LONDON (Reuters) - “Dirty” Russian money hidden in British assets and laundered through City of London financial institutions is undermining the government’s efforts to take a tougher stance against Moscow’s “aggressive foreign policy”, UK lawmakers said on Monday.
Britain’s financial centre has been a big beneficiary of the massive flight of Russian cash since the 1991 fall of the Soviet Union. London remains the Western capital of choice for Russian officials and oligarchs who flaunt their wealth across Europe’s most luxurious destinations.

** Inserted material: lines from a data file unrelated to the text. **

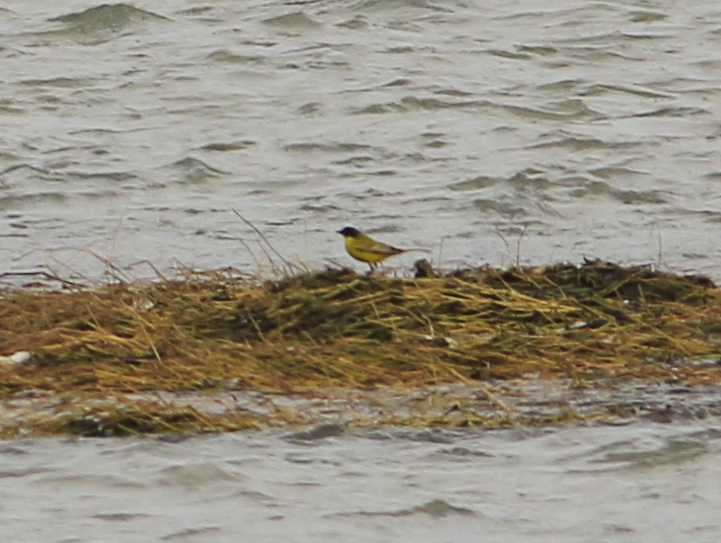 Western Yellow Wagtail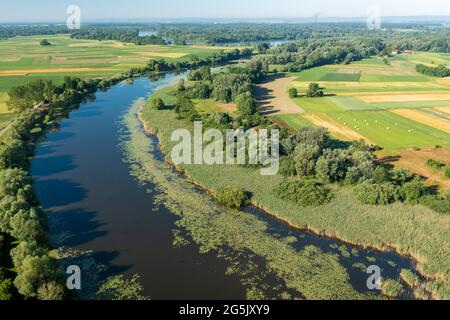 Luftbild des Ochsebow Sees des Flusses Drava, Kroatien Stockfoto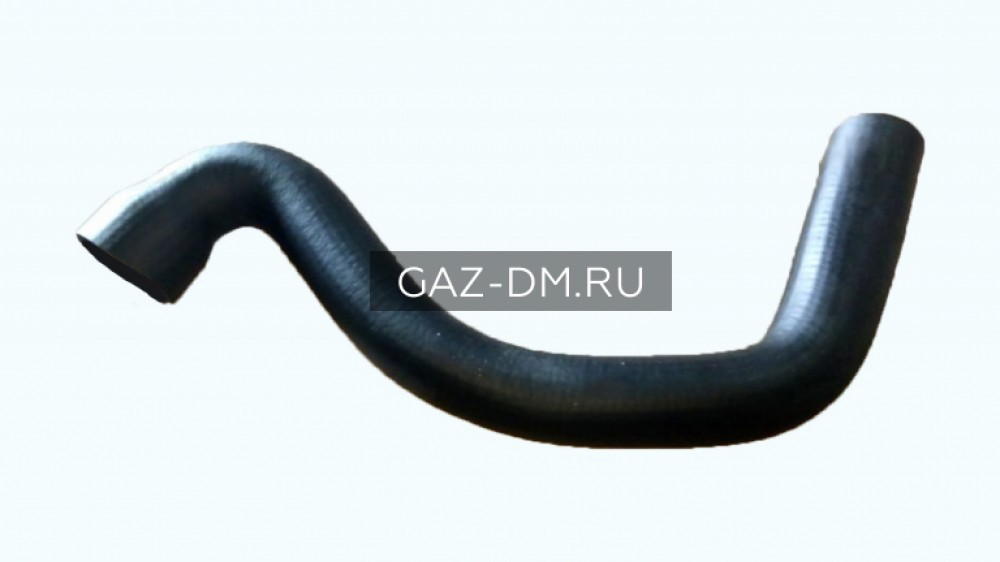 шланг радиатора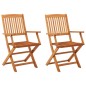 vidaXL Sillas de jardín plegables 2 pzas madera maciza de eucalipto vidaXL Sillas de jardín plegables 2 pzas madera maciza de eucalipto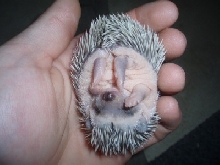 2 1/2  week old baby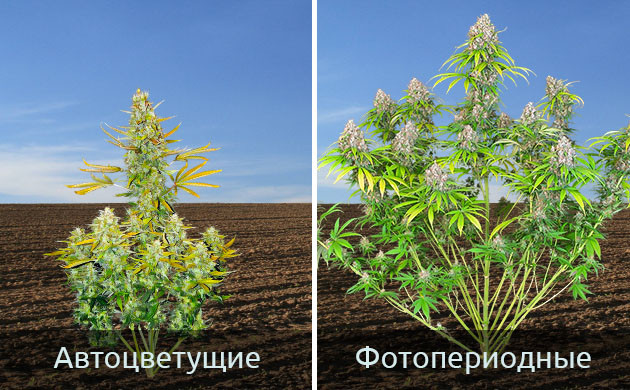 Выбор сорта для выращивания большой марихуаны Генетики больших растений марихуаны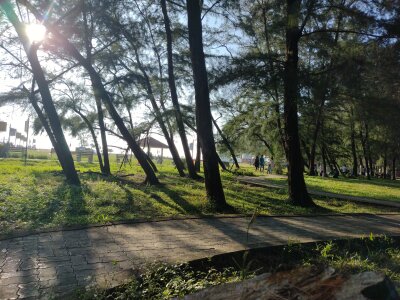 Nidhinchirackal Public Pic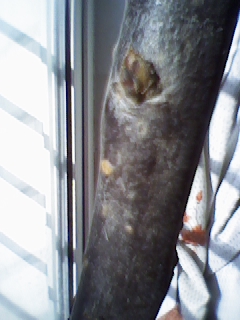 130215000ѿ.jpg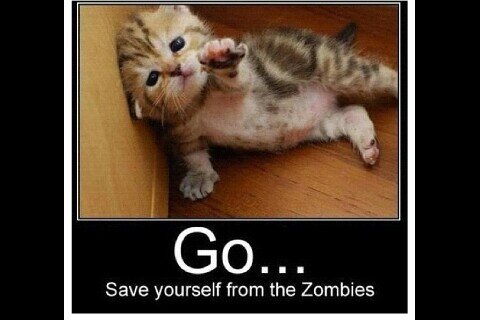 marclobio's profile picture. 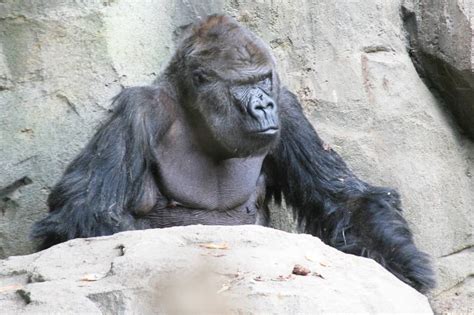 How long do Gorillas live?   Berggorilla & Regenwald ...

But diplomatic relations between London and Moscow have hit a post-Cold War low after the poisoning of a former Russian double agent in an English city that Prime Minister Theresa May blamed squarely on Russia. Moscow denies any involvement.
May has vowed to clamp down on Russian money but a report by parliament’s Foreign Affairs Committee accused her government of failing to back up its rhetoric with credible action.

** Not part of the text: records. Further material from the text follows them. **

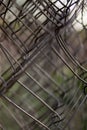 Twisted mesh. welded wire mesh twisted into a roll background. Royalty Free Stock Photo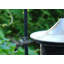 Pagode Nyjer / chardon-285622274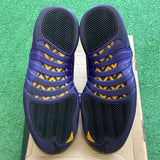 Jordan Field Purple 12s Size 10.5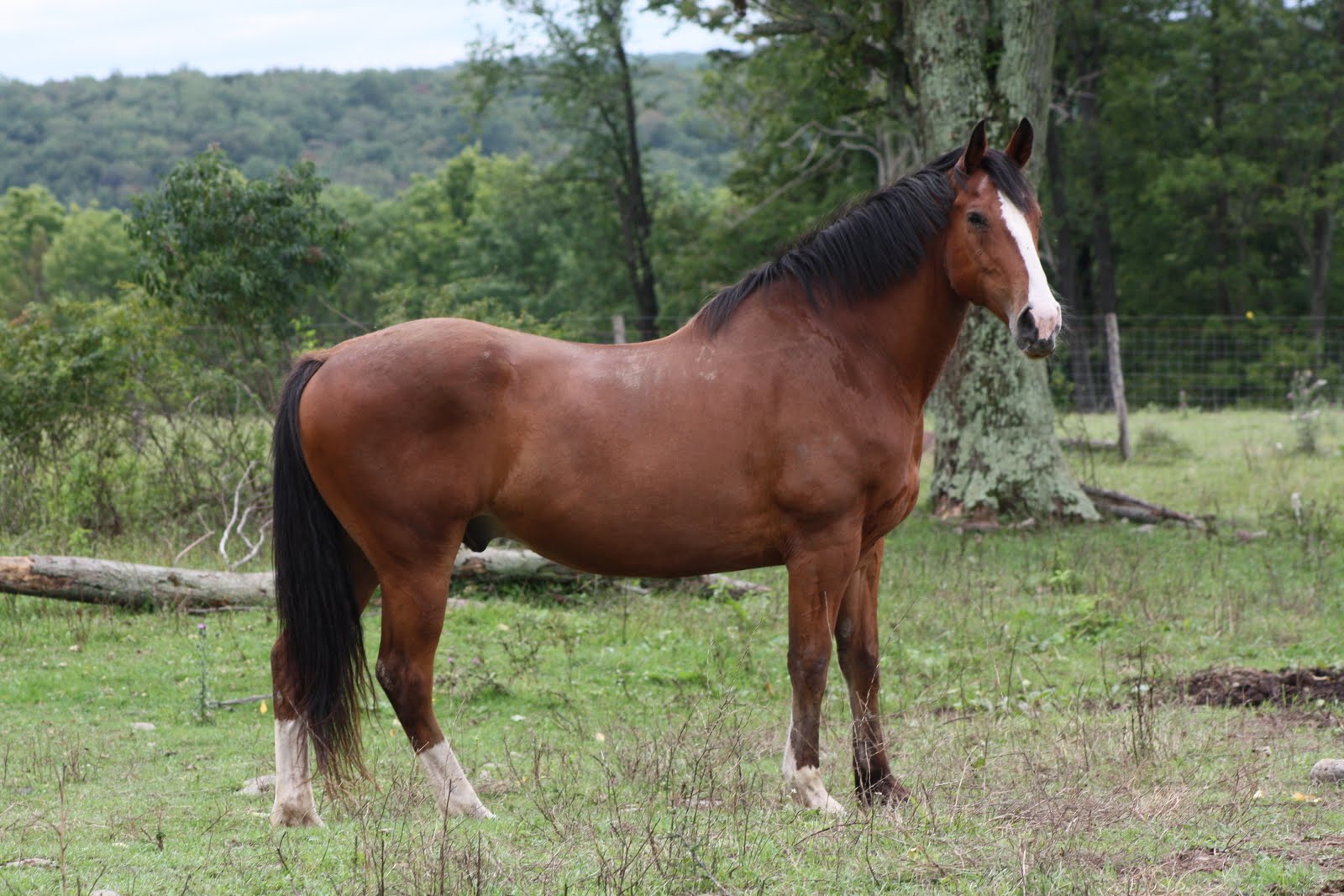 swift star farm blog horsen' around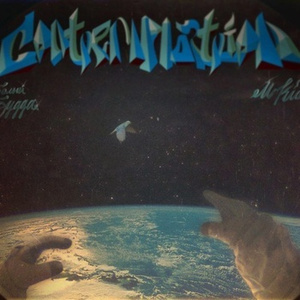 日本少妇裸体视频BCC
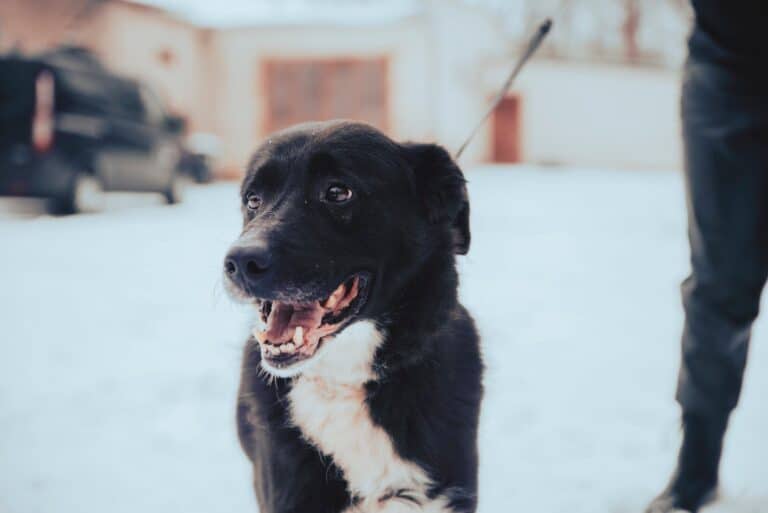 Uraganas (Pyörremyrsky)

“There is no excuse for the UK to turn a blind eye as President (Vladimir) Putin’s kleptocrats and human rights abusers use money laundered through London to corrupt our friends, weaken our alliances, and erode faith in our institutions,” said committee chairman Tom Tugendhat.
“The scale of damage that this ‘dirty money’ can do to UK foreign policy interests dwarfs the benefit of Russian transactions in the City.”

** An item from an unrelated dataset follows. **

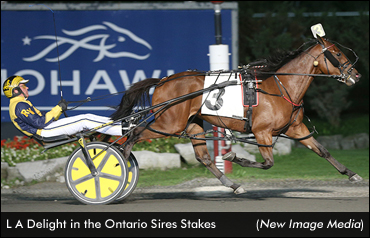L A Delight Perfect In Sires Stakes
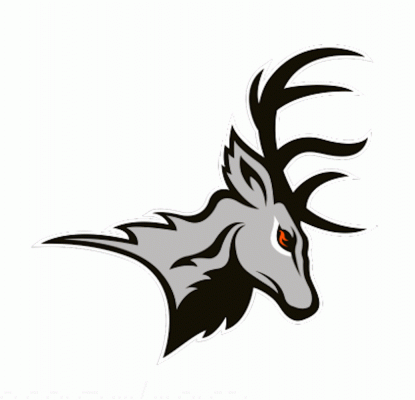 Danville Dashers 2016-17 hockey logo of the FHL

The Kremlin dismissed the report as an attempt to whip up Russophobia and to harm legitimate Russian business interests.
“This is nothing other than the latest step in line with unfriendly, unfair competition (against Russian business),” Kremlin spokesman Dmitry Peskov told reporters.
Among its recommendations, the committee said Britain should work with its allies to make it more difficult for Russia to issue sovereign bonds, which are not subject to sanctions, via banks that are sanctioned - a practice that the report said undermined efforts to rein in Russian behaviour.
“The size of London’s financial markets and their importance to Russian investors gives the UK considerable leverage over the Kremlin,” the report said.
Separately, the British Treasury Select Committee will be looking at how Russians use the City of London, as part of its own investigation into economic crime, a source familiar with the matter told Reuters.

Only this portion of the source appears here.